In this Alert, Senior Associate Anna Hendry discusses the factors an occupier ought to consider when evaluating the safety of stairs at their premises. 

The recent decision of Ellery v Sunsail (Australia) Pty Ltd involved a plaintiff who suffered personal injuries when she stepped backwards and fell down a flight of three or four steps in the saloon of a catamaran.[1]  She had just boarded the vessel with her family for a day cruise and they were stowing their belongings in the saloon prior to receiving a safety briefing.  The stairs and their surrounds were constructed of wood.  The flight itself was unusually steep and the white mark on the edge of the steps was only visible from the bottom of the stairs. 

The Decision

The court considered two major allegations:

  • That the occupier ought to have warned the claimant of the existence of the stairs; and
  • That the occupier ought to have installed an engineered solution in order to avoid the relevant risk.

The plaintiff relied on the evidence of Roger Kahler, an engineering consultant, that the defendant ought to have implemented an engineering control to eliminate the relevant risk.  In this regard, he suggested three alternative engineering controls including a chain or guardrail at the top of the stairway, an auto close and lock gate at the top of the stairway or a hatch on the floor effectively covering the access hole. 

In considering the defendant’s conduct, the court found that while it may have been open to the defendant to warn the plaintiff of the presence of the stairs prior to her boarding the vessel, it was doubtful as to whether any warning given in those circumstances would have prevented her fall.  The court was therefore not satisfied that a failure to warn was causative of the plaintiff’s injury. 

Having disposed of that issue, the plaintiff’s case rested on whether the defendant was negligent by failing to employ an engineering solution to prevent a passenger from stepping back and falling.  The court accepted the evidence of Mr Kahler that the uniform wood panelling and the white line underneath the top step did not create sufficient contrast to alert an entrant to the saloon of the location of the stairs.
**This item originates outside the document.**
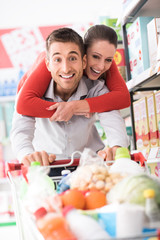 Cheerful couple doing shopping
It found that although it is not unreasonable to expect that people will see what lies ahead of them as they walk along in broad daylight, “the confines of the saloon...and the peculiar structure and situation of the access stairway in such a vessel do not represent an obvious risk such as to absolve the defendant of a duty to warn”.  The court noted that in this case the crucial failure was the failure to implement an engineering control but declined to specify which of the solutions proposed by Mr Kahler ought to have been implemented.

Take Away Points

In conclusion, occupiers ought to consider whether the relevant stairs are unusual such that they do not pose an obvious risk having regard to:

  • The lighting in the area;
  • The space around the stairs and the likelihood that that space will be congested;
  • The likelihood that entrants will be distracted by other features in the area; and
  • Whether the stairs themselves are non-standard in their tread and riser or incline.